▸ **EXCERPTED RECORDS**
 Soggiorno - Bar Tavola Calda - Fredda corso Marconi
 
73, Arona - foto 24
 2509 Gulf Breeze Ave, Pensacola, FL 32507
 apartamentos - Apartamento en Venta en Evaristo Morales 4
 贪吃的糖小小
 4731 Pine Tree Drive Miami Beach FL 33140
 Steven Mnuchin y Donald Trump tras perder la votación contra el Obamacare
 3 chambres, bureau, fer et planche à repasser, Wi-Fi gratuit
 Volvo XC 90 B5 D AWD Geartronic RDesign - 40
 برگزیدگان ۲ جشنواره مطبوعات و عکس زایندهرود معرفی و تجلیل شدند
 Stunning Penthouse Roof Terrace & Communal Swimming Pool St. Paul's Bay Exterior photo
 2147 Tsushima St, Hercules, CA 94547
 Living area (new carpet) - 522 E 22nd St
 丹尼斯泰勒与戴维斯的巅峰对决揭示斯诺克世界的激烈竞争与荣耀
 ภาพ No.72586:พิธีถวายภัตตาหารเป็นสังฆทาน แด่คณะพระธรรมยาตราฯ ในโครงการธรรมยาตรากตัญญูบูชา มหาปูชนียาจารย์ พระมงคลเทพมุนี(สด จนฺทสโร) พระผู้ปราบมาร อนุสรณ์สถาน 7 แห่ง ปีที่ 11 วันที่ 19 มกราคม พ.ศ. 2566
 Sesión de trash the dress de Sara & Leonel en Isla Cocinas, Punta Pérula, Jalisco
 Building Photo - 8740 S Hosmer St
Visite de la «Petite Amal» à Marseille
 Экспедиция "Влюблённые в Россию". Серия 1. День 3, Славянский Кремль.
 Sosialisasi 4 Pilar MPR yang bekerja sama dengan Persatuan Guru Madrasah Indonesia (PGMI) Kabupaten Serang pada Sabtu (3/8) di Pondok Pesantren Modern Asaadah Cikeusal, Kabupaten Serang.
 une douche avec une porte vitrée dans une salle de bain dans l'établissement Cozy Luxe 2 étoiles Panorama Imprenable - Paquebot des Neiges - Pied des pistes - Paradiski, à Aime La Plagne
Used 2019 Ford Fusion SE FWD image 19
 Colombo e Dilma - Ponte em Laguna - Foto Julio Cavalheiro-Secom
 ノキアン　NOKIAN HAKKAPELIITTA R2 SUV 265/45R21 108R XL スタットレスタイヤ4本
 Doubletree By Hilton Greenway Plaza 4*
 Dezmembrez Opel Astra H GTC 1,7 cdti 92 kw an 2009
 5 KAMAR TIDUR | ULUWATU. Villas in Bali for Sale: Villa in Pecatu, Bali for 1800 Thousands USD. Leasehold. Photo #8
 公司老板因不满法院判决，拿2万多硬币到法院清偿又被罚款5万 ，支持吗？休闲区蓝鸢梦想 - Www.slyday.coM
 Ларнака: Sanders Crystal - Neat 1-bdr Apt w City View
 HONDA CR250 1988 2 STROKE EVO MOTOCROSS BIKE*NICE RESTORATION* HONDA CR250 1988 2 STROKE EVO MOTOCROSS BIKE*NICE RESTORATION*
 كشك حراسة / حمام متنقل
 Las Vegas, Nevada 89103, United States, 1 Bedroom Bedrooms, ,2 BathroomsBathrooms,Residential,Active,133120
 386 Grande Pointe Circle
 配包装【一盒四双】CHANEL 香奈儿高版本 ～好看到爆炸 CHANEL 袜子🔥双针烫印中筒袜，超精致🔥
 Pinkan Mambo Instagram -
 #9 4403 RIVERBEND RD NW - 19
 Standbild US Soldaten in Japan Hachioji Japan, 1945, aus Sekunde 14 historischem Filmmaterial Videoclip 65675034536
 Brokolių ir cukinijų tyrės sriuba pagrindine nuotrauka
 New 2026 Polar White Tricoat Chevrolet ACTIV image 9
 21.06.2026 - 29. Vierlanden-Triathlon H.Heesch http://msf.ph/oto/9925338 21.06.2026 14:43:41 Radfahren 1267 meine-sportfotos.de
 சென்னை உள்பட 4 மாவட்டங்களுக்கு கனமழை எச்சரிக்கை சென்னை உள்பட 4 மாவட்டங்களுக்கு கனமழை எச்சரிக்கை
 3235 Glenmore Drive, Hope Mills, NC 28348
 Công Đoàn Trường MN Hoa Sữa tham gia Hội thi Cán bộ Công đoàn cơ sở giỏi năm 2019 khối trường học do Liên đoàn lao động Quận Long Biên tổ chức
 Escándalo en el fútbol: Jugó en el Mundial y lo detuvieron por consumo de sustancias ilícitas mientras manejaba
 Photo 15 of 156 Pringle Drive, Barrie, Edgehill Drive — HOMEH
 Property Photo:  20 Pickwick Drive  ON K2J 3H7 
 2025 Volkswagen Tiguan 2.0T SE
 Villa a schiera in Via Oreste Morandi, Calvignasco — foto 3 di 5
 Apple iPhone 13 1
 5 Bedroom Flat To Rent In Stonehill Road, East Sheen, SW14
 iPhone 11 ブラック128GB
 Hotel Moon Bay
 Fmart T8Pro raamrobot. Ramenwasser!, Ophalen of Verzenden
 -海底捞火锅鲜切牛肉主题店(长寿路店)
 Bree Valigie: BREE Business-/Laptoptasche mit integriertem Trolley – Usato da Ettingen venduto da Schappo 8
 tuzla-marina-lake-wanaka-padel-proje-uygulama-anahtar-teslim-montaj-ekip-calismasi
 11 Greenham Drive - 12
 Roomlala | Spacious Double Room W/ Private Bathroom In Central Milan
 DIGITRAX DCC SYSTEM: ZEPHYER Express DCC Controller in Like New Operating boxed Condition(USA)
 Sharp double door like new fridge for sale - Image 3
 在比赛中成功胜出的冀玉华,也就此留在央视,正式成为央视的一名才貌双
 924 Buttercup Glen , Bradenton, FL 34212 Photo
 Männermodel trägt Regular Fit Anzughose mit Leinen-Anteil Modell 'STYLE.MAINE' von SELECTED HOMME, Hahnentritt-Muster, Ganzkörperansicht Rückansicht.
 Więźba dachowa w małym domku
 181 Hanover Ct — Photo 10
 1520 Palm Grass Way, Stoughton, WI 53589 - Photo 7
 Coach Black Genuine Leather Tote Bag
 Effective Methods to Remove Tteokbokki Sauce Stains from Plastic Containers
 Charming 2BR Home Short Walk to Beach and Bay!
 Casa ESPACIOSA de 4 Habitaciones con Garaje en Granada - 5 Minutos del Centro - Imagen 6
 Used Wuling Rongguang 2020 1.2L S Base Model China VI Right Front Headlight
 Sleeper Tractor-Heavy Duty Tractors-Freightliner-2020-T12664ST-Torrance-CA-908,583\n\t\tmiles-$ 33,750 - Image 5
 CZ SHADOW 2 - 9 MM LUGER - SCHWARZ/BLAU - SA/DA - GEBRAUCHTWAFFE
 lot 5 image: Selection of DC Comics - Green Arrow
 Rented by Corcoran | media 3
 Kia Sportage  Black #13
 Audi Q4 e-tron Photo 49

▸ **PROBLEM STATEMENT**
Copy the lines that hold the word "Black". Take them from the records above.

▸ **FINAL ANSWER**
 Coach Black Genuine Leather Tote Bag
 Kia Sportage  Black #13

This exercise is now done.